Income Taxes. The Company records a deferred tax asset and liability for expected future tax consequences resulting from temporary differences between financial reporting and tax bases of assets and liabilities. The Company considers future taxable income and ongoing tax planning in assessing the value of its deferred tax assets. If the Company determines that it is more than likely that these assets will not be realized, the Company would reduce the value of these assets to their expected realizable value, thereby decreasing net income. Estimating the value of these assets is based upon the Company’s judgment. If the Company subsequently determined that the deferred tax assets, which had been written down, would be realized in the future, such value would be increased. Adjustment would be made to increase net income in the period such determination was made. As of July 30, 2011 and January 29, 2011, the Company’s non-current deferred tax liability includes a $0.2 million valuation allowance recorded to reduce the value of the Company’s capital loss carryforward to its expected realizable amount prior to expiration.
   
4.
Operating Leases. The Company leases retail stores under operating leases. Most lease agreements contain tenant improvement allowances, rent holidays, rent escalation clauses, and/or contingent rent provisions. For purposes of recognizing lease incentives and minimum rental expenses on a straight-line basis over the terms of the leases, the Company uses the date of initial possession to begin amortization, which is generally when the Company enters the space and begins to make improvements in preparation of intended use.

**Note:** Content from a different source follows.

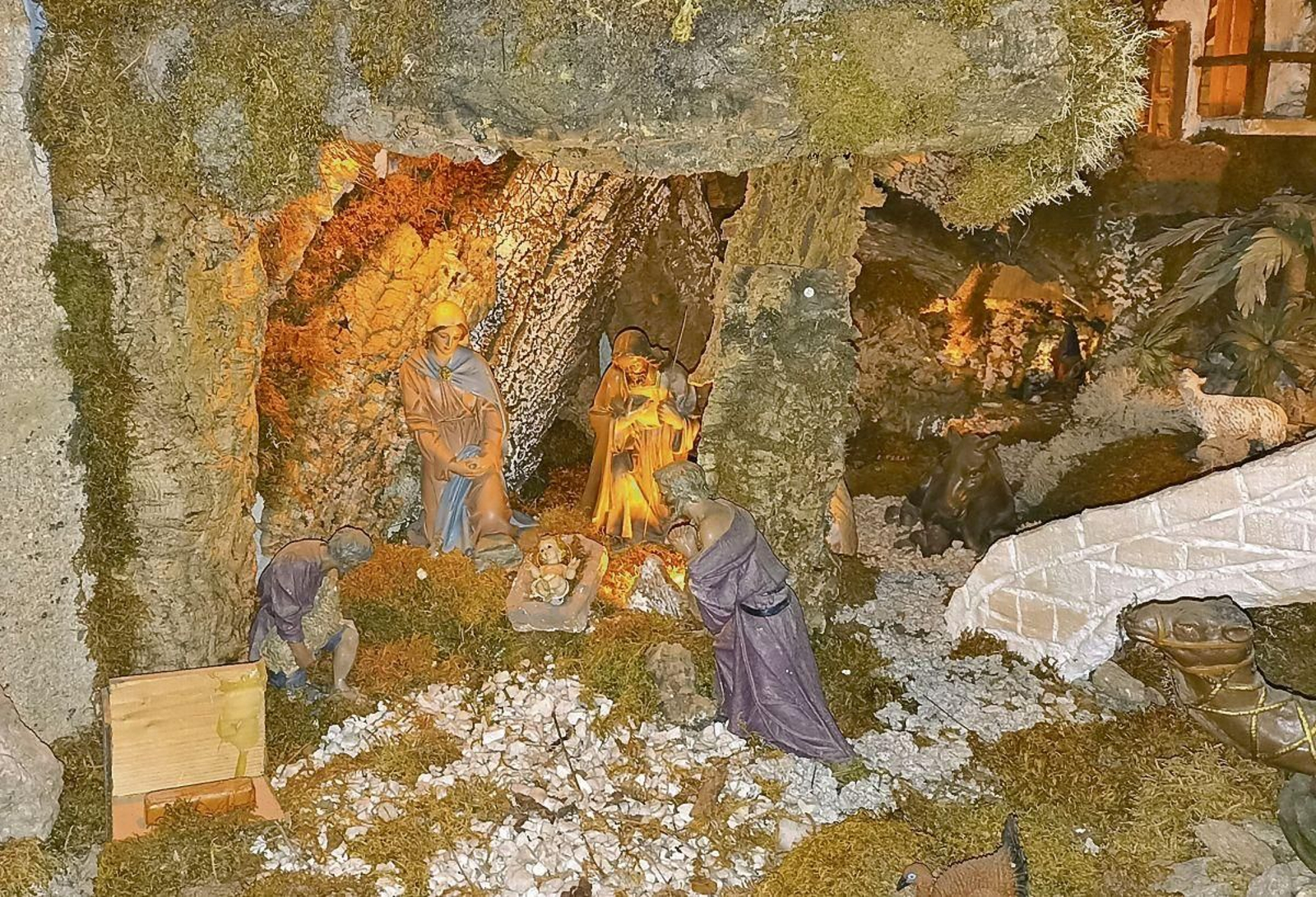 Portal de Belén na igrexa de Santa Eufemia do Centro.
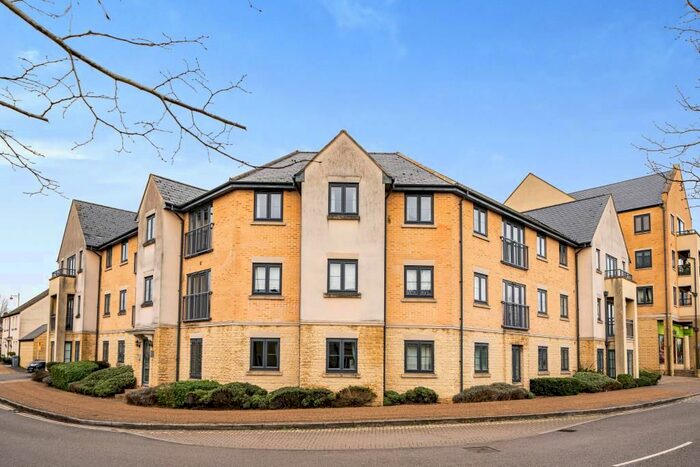 2 Bedroom Flat For Sale In Carterton, Oxfordshire, OX18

For tenant improvement allowances and rent holidays, the Company records a deferred rent liability on the balance sheets and amortizes the deferred rent over the terms of the leases as reductions to rent expense on the statements of income.
   
 
For scheduled rent escalation clauses during the lease terms or for rental payments commencing at a date other than the date of initial occupancy, the Company records minimum rental expense on a straight-line basis over the terms of the leases on the statements of income. Certain leases provide for contingent rents, which are determined as a percentage of gross sales in excess of specified levels. The Company records a contingent rent liability on the balance sheets and the corresponding rent expense when specified levels have been achieved or are reasonably probable to be achieved.
   
5.
Investments. Investments classified as short-term investments include securities with a maturity of greater than three months and less than one year, and a portion of the Company’s investments in auction-rate securities (“ARS”), which are available-for-sale securities. Available-for-sale securities are reported at fair value, with unrealized gains and losses excluded from earnings and reported as a separate component of stockholders’ equity (net of the effect of income taxes), using the specific identification method, until they are sold.
   
 
The Company reviews impairment to determine the classification of potential impairments as either temporary or other-than-temporary. A temporary impairment results in an unrealized loss being recorded in other comprehensive income. An impairment that is considered other-than-temporary would be recognized in net income. The Company considers various factors in reviewing impairment, including the duration and severity of the decline in market value. In addition, the Company considers qualitative factors including, but not limited to, the financial condition of the investee, the credit rating of the investee, the current and expected market and industry conditions in which the investee operates, and the Company’s intent and ability to hold the investments for a period of time sufficient to allow for any anticipated recovery in market value. The Company believes it has the ability and maintains its intent to hold these investments until recovery of market value occurs.
   
 
The Company determined the fair value of ARS using Level 1 inputs for known or anticipated subsequent redemptions at par value, Level 2 inputs using observable inputs, and Level 3 using unobservable inputs, where the following criteria were considered in estimating fair value:
 
 
Pricing was provided by the custodian of ARS;
 
Pricing was provided by a third-party broker for ARS;
 
Sales of similar securities;
 
Quoted prices for similar securities in active markets;
 
Quoted prices for publicly traded preferred securities;
 
Quoted prices for similar assets in markets that are not active - including markets where there are few transactions for the asset, the prices are not current, or price quotations vary substantially either over time or among market makers, or in which little information is released publicly;
 
Pricing was provided by a third-party valuation consultant (using Level 3 inputs).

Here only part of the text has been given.